For performance reasons I want to use pre-allocated vectors. This often gives a 10 to 35 times perfomance boost.
Simple example:
using Parameters
@with_kw struct Solver{P}
vec1::Vector{Float64} = zeros(P)
vec2::Vector{Float64} = zeros(P)
vec3::Vector{Float64} = zeros(P)
end
function first!(s::Solver, output, input)
s.vec1 .= 0
for i in 1:100
s.vec1 +.= input
end
output .= s.vec1
nothing
end
function second!(s::Solver, output, input)
s.vec2 .= 0
s.vec3 .= 0
for i in 1:100
s.vec3 .= sin.(input)
s.vec2 *.= first!(s, s.vec3, input)
end
output .= s.vec2
nothing
end
The problem I have with this approach is that all pre-allocated vectors are visible in all functions.
How can I have private, pre-allocated vectors in each of the functions?
I know that full privacy is not possible in Julia, but with code like shown here it is way too easy to modify vectors that should be private to function first!()
by accident in function second!()
.
Furthermore, it is not clear from reading the code which of the members of the struct Solver
are supposed to be private and which don’t.

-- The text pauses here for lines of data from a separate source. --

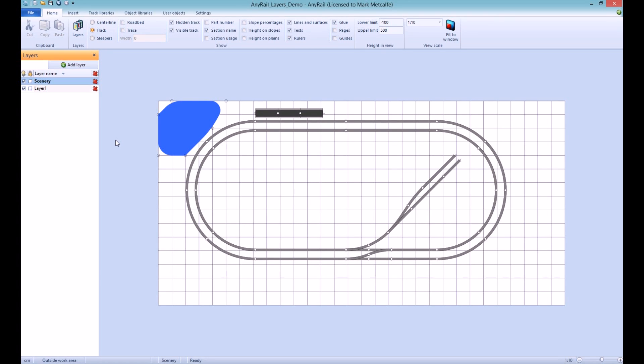To move a single object or multiple objects to another layer, select the object or objects to be moved and from the ribbon choose the destination layer.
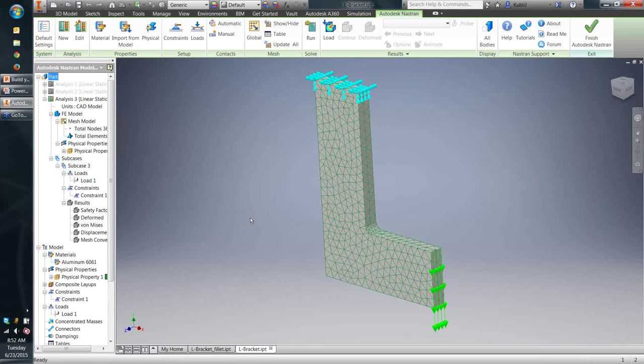Regarding element types: a question came in about using a square mesh or different element types. For solid elements in NCAD, we only have tetrahedral meshes — no hexahedral or eight-node elements. For surface elements, we do have quad elements. There is also support for beam, pipe, and a third line element type.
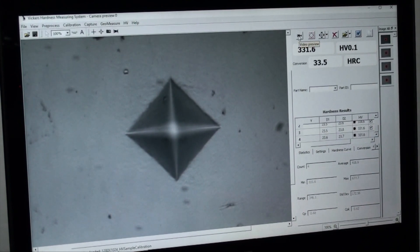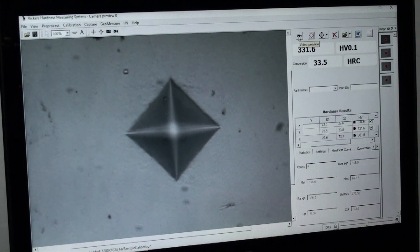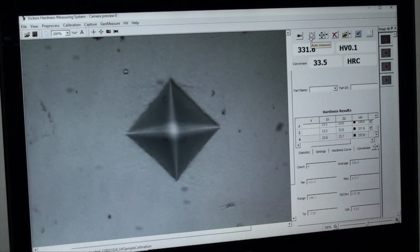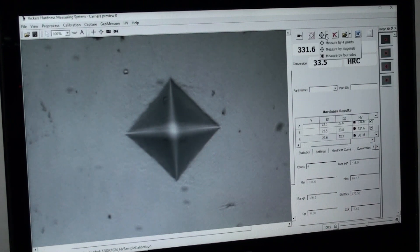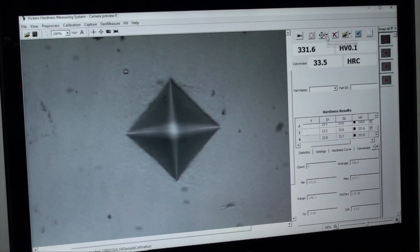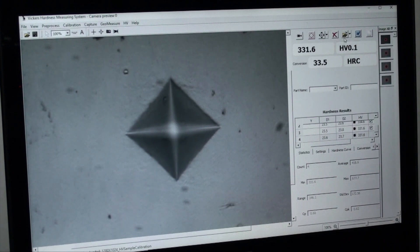On the top right, we have the refresh button, auto measure, measure by diagonals and points, remove the last reading, select data file locations, and generate report.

How would you re-write these lines, using a lazy cache?
gamma = copy(gamma_new)
abs_gamma_new = copy(gamma_new)
induced_velocity_all = zeros(n_panels, 3)
relative_velocity_array = similar(va_array)

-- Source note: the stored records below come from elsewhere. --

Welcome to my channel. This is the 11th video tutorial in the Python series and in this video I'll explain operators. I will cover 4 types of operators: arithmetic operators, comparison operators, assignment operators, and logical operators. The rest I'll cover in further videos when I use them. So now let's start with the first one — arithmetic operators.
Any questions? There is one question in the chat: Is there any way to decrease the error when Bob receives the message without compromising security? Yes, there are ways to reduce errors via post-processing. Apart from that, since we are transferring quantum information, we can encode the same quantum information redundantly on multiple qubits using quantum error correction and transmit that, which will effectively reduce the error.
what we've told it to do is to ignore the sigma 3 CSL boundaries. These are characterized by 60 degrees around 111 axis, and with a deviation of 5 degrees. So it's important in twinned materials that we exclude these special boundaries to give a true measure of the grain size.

relative_velocity_crossz = similar(relative_velocity_array)
v_acrossz_array = similar(va_array)
cl_array = zeros(n_panels)
damp = zeros(length(gamma))
v_normal_array = zeros(n_panels)
v_tangential_array = zeros(n_panels)
Function signature:
function gamma_loop(
solver::Solver,
body_aero::BodyAerodynamics,
gamma_new::Vector{Float64},
va_array::Matrix{Float64},
chord_array::Vector{Float64},
x_airf_array::Matrix{Float64},
y_airf_array::Matrix{Float64},
z_airf_array::Matrix{Float64},
panels::Vector{Panel},
relaxation_factor::Float64;
log::Bool = true
)
the hard way :
function gamma_loop(
gamma_new::Vector{Float64},
va_array::Matrix{Float64},
cache
)
gamma = cache[gamma_new]
abs_gamma_new = cache[gamma_new]
induced_velocity_all = cache[va_array]
relative_velocity_array = cache[va_array]
relative_velocity_crossz = cache[relative_velocity_array]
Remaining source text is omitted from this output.